The History of Homewood Stoves

We take our name from Homewood Station in Old Homewood Bay / Mary’s Bay, Pelorus Sounds, Malborough, New Zealand. Established in the 1800s, Homewood was acquired by our ancestor David William Foote (third-generation Scottish settler) around the turn of the century, and was where he ran a sheep farm and guesthouse with his wife Laura. There they raised eight children.


David K. Foote (grandson of David W. Foote and founder of our company) recalls visiting Homewood with his father (Kenneth Foote) and grandfather in the late 1950s (sadly no longer in the family by that point), playing on the beaches and visiting the War Memorial set up by David W.

Connected only by boat, Homewood Bay has never had access to any kind of electrical grid (still true today!), and undoubtedly it is this culture of self-reliance and capability, forged by necessity through isolation and rugged terrain (a common thread that winds through much of the NZ experience) that heavily informed our own values here at Homewood Stoves.

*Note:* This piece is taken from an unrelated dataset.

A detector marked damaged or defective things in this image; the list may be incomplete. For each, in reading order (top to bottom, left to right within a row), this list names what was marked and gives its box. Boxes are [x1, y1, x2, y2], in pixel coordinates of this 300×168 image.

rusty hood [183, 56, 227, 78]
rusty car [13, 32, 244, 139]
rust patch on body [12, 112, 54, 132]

When David and Penelope purchased their farm outside of Whangarei in the early 1980s, David named it ‘Homewood’ in memory of that special place where his father had been born and raised. With plans to build the ‘real’ house later, they ‘temporarily’ moved into and started doing up the run-down cowshed. Over the decades to follow, this cowshed instead went through a transformation – into the unrecognisable homestead it is today.


Homewood Farm is also where the Homewood Cabin was finally put out to pasture – the striking display cabin that David and Penelope would erect each year at the Mystery Creek field days when first starting out.


Wishing for a life-less-ordinary, David chose to spend his adulthood self-employed – building houses (including his own), boats, furniture and engaged in miscellaneous carpentry – so that he could pursue a wholesome lifestyle of self-sufficient farming, gardening and oil painting on his own land with his growing family.


It was here in the Northland countryside that Homewood Stoves began. In 1995, David experimented with building his first enclosed fire: a fabricated steel, custom insert designed to warm the concrete-walled lounge of his in-progress home. Capable of burning truly massive logs, this far exceeded expectations – establishing the pattern of things to follow. A few years later, he built a free-standing version of this fireplace for his sister-in-law’s home, and on the technical drawing requested by the local council, he branded it ‘The Homewood’.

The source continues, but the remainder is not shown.